Según InfoBae, las protestas tienen distintos grados y es dispar según el perfil de la facultad o del colegio afectado. “En la UBA, por ejemplo, hay profesores de paro en Ciencias Exactas, Medicina, Filosofía -entre otras facultades. En cambio, en Derecho la mayoría de las cátedras cumplen con el cronograma habitual del cuatrimestre. Esto se explica en que los docentes de abogacía suelen tener sus ingresos principales por fuera de la actividad académica, un lujo que no pueden darse los maestros de dedicación exclusiva de carreras vinculadas a las ciencias”.

En Chile, esta semana unos 30.000 maestros marcharon por el centro de Santiago de Chile como “advertencia”.

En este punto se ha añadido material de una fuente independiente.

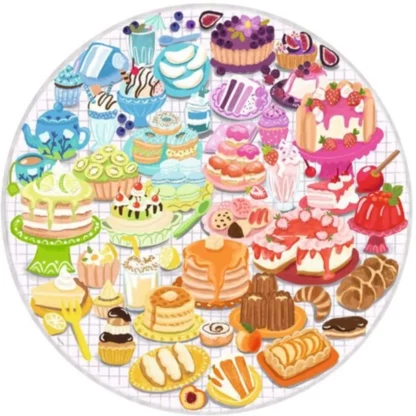 Puzzle Desserts & Pastries 500 Teile - Image 2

El pasado abril, al iniciarse un diálogo con el Gobierno, el magisterio presentó un documento de 11 puntos a resolver, entre ellos el pago de la deuda histórica que mantienen algunos municipios, la regulación del agobio laboral, igualdad de trato a los profesionales y el término de una doble evaluación de la labor docente existente en la actualidad.

Según el diario chileno El Economista, los docentes manifestaron su preocupación por la Ley Nueva Educación Pública, que desmunicipaliza la educación para que sea el Estado quien mejore la calidad de formación que reciben los estudiantes.

En la ceremonia de aporbación, en octubre de 2017, la presidente de Chile, Michelle Bachelet destacó que "se garantiza que en ningún rincón de Chile la calidad de la educación a la que tienen derecho nuestros niños, niñas y jóvenes dependa, nunca más, del lugar donde les tocó nacer o vivir". La iniciativa provocará el traspaso de unos 5.500 colegios municipales a 70 servicios locales estatales de educación a lo largo de todo el país, que serán coordinados por la Dirección de Educación Pública en el nivel central. Lo que preocupa a los profesores es que no hayan tenido diálogo directo con ellos para la promulgación de la ley.